Synopses & Reviews
The shark attacked while she was snorkeling, tearing through Micki Glenn's breast and shredding her right arm. Her husband, a surgeon, saved her life on the spot, but when she was safely home she couldn't just go on with her life. She had entered an even more profound survival journey: the aftermath.
The survival experience changes everything because it invalidates all your previous adaptations, and the old rules don't apply. In some cases survivors suffer more in the aftermath than they did during the actual crisis. In all cases, they have to work hard to reinvent themselves. Drawing on gripping cases across a wide range of life-threatening experiences, Laurence Gonzales fashions a compelling argument about fear, courage, and the adaptability of the human spirit. Micki Glenn was later moved to say: "I don't regret that this happened to me. [It] has been... probably the single most positive experience I've ever had."

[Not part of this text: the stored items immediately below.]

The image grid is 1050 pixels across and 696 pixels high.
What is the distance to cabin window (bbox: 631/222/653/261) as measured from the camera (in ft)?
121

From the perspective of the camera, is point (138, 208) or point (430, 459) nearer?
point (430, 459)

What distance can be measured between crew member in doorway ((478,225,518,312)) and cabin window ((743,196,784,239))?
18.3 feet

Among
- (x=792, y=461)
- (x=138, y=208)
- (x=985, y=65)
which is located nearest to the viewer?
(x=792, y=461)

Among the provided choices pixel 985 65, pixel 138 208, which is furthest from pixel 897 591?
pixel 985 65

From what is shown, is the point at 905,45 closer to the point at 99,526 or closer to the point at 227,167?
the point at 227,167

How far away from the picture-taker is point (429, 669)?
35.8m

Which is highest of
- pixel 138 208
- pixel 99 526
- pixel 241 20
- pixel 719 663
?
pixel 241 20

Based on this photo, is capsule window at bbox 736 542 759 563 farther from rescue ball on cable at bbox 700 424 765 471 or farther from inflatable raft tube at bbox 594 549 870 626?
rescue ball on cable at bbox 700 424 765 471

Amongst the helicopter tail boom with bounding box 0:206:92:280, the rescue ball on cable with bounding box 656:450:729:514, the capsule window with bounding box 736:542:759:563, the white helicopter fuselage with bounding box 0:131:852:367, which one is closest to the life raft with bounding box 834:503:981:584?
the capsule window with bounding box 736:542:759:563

"Gonzales (Deep Survival: Who Lives, Who Dies, and Why), a National Magazine Award-winning journalist, tackles a difficult narrative: the near-deadly encounter and the life that must be lived afterward. The people whose stories he presents have endured trials ranging from entrapment in the jaws of a ferocious crocodile to the threat from an abusive husband. Gonzales follows these traumas into their aftermath, where the mind continues, often torturously, to repeat the incident. Gonzales, trying in part to identify common factors of postsurvival success, finds that often it is one's ability to act (go back to school, learn to play golf, motorcycle cross-country), but it is also, he suggests, the brain's wiring that makes it easier for some than for others to adapt. As in Deep Survival, Gonzales intersperses journalistic case studies with information about the brain and its responses to trauma. Such juxtapositions at times seem contrived and at odds with the emotionally charged experiences the author aims to convey. In fact, what emerges from all of the stories is that surviving survival cannot be reduced to a science or even a narrative. But for this reason the book will likely be useful for those with resonating experiences: the cases provide multidisciplinary evidence that nobody struggles in isolation. Agent: Gail Hochman. (Sept.)" Publishers Weekly Copyright PWxyz, LLC. All rights reserved.

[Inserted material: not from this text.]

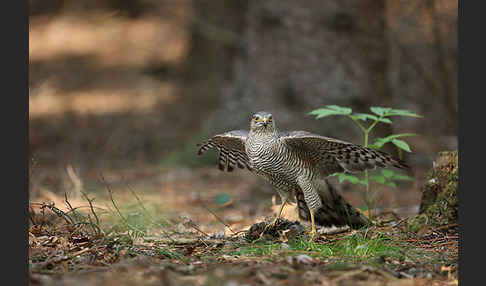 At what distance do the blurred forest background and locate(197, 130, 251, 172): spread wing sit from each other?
903mm

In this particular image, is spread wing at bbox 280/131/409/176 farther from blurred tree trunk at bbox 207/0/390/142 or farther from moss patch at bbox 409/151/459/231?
blurred tree trunk at bbox 207/0/390/142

"Illness. Divorce. Job Loss. The Death of a loved one. You don't get this far in life without experiencing some adversity. But while you can't avoid painful events, you can learn to control your response to them. Here, [Gonzales] revals how recovery can be a transforming experience that not only moves us forward but also enriches our lives in ways we never could have imagined." More Magazine
You have survived the crisis — trauma, disease, accident, or war — now how do you get your life back?
About the Author
Laurence Gonzales is the author of the bestseller Deep Survival: Who Lives, Who Dies, and Why. He has won two National Magazine awards and the Distinguished Service Award from the Society of Professional Journalists. He lives in Evanston, Illinois.